また、今後、喪主になる可能性がひかえている場合などに、のちの葬儀の参考として撮影することもあります。

葬式での写真撮影における注意点5つ

写真を撮影したい場合には、 撮影してもよいかどうか、確認することが重要 です。基本的には、親族や僧侶、葬儀社に事前の許可を得た人だけが撮影できると考えてください。

遺族の希望に従うことを前提として、その他には、葬式の雰囲気を壊さない、シャッター音やフラッシュを控える、遺体を撮影しない、葬儀を撮影した写真の取り扱いといったことに注意する必要があります。

以下で詳しく確認しましょう。

遺族の希望に従うことが大切

まず、写真を撮影してよいかどうか、遺族の意向を確認しましょう。
遺族の許可が取れたら、あるいは撮影を頼まれたら、 撮影する人は「記録係用の腕章」などの目印をつけます
親族や参列者の中には、撮影自体を不謹慎と感じる人が少なくありません。そのため、公の立場で撮影していることがわかるようにしておくのが適切です。
記録係用の腕章は、葬儀社が準備していることもありますので、尋ねてみてください。

もし、遺族から頼まれた場合でも、葬儀社のスタッフや僧侶などに撮影を行うことを、あらかじめ伝えておきましょう。

集合写真を撮る場合は、葬儀社のサービスを利用したり、プロのカメラマンに依頼するなどすると安心です。

葬式の雰囲気を壊さないよう注意

読経や、祭詞を奉上するなどの場面、さらに焼香中の撮影は、特に配慮が必要です。
具体的には、 僧侶や神官が集中すべき場面や、焼香中など、故人を偲ぶ行動をとっている人の視野に入らないよう にします。

撮影者の挙動が気になってしまい、故人を偲ぶ重要な場面で集中できなかったり、進行の妨げになってしまっては大変です。
故人を安らかな気持ちで見送るという、本来の目的を妨げないよう留意しましょう。

葬儀

シャッター音やフラッシュに注意

フラッシュやシャッター音など、集中を妨げるものは、極力控えましょう

厳粛な場面で、シャッターを切る小さな音や、フラッシュなどの効果が連続して発生すると、気になるものです。
葬式の様子を撮影する前には、使用するカメラやスマートフォンの設定を確かめ、シャッター音はもちろんのこと、操作音もできるだけ消すようにしてください。
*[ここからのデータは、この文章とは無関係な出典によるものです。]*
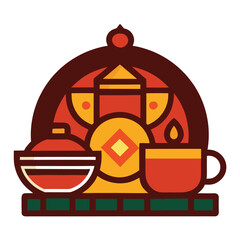 tea set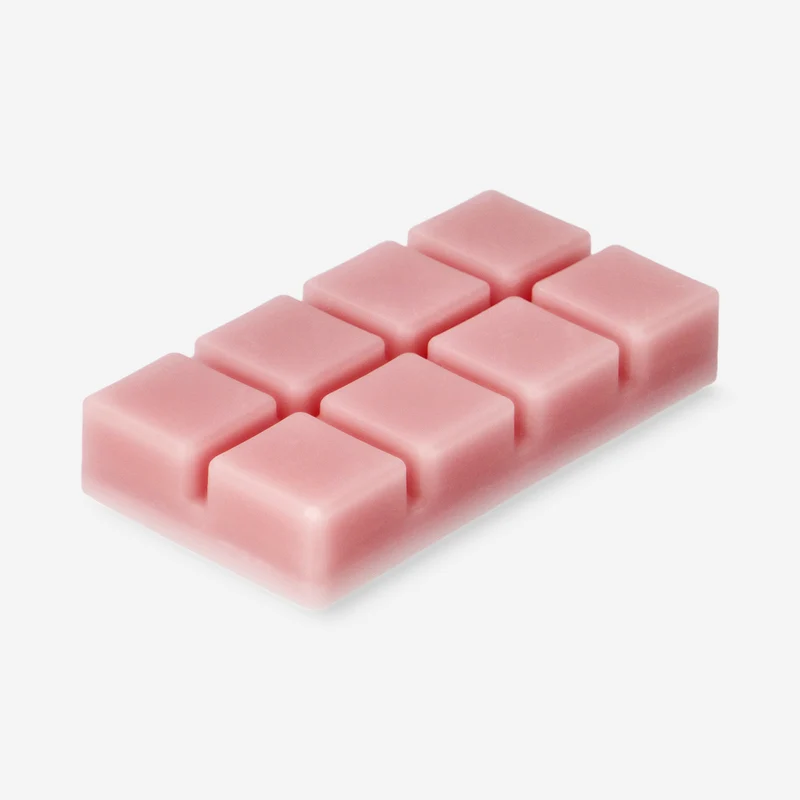 Scented wax - Peony fragrance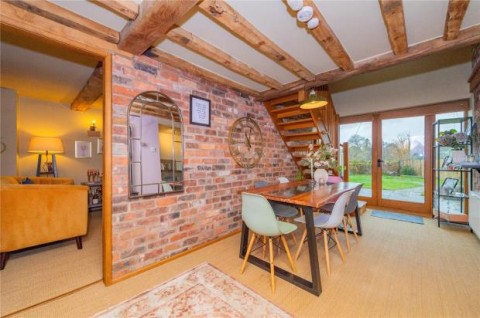Click the photo for more details of Rodington Court, Rodington, Shrewsbury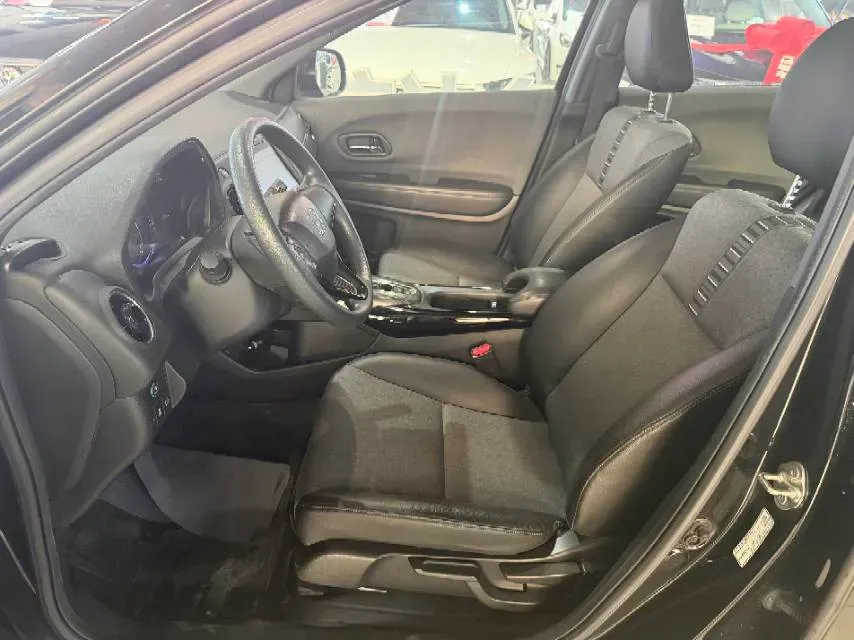 2021 Honda XR-V 1.5L 131HP L4 CVT,autocango,china used car exporter,china ev exporter,chinese used car exporter,chinese used ev exporter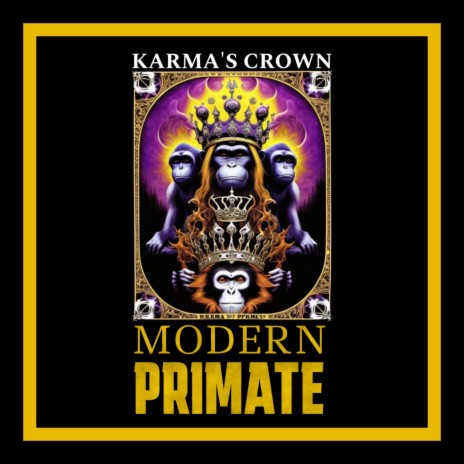 Karma's Crown | Boomplay Music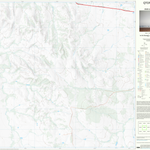 Harris Creek (8949-421) Preview 1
スマートフォンを使う場合は、音が鳴らないアプリを利用することを推奨します。
ミラーレスカメラであれば、シャッター音が消せる機種もあるため、周囲の人に気遣うことができるでしょう。

スマホ

ご遺体の写真撮影は慎重に

基本的に、 遺族から「故人の最後の姿を撮影してほしい」と頼まれている場合をのぞいて、故人の姿を撮ってはいけません
遺族の了解を得ないで、無断で写真に収めることはマナー違反です。

故人と縁があった人たちを迎える葬式の場合でも、家族の死という非日常のできごとに向き合っている遺族の気持ちを考える必要があります。
故人の姿を撮りたいと希望するのであれば、遺族に了承を得たうえで、撮影しましょう。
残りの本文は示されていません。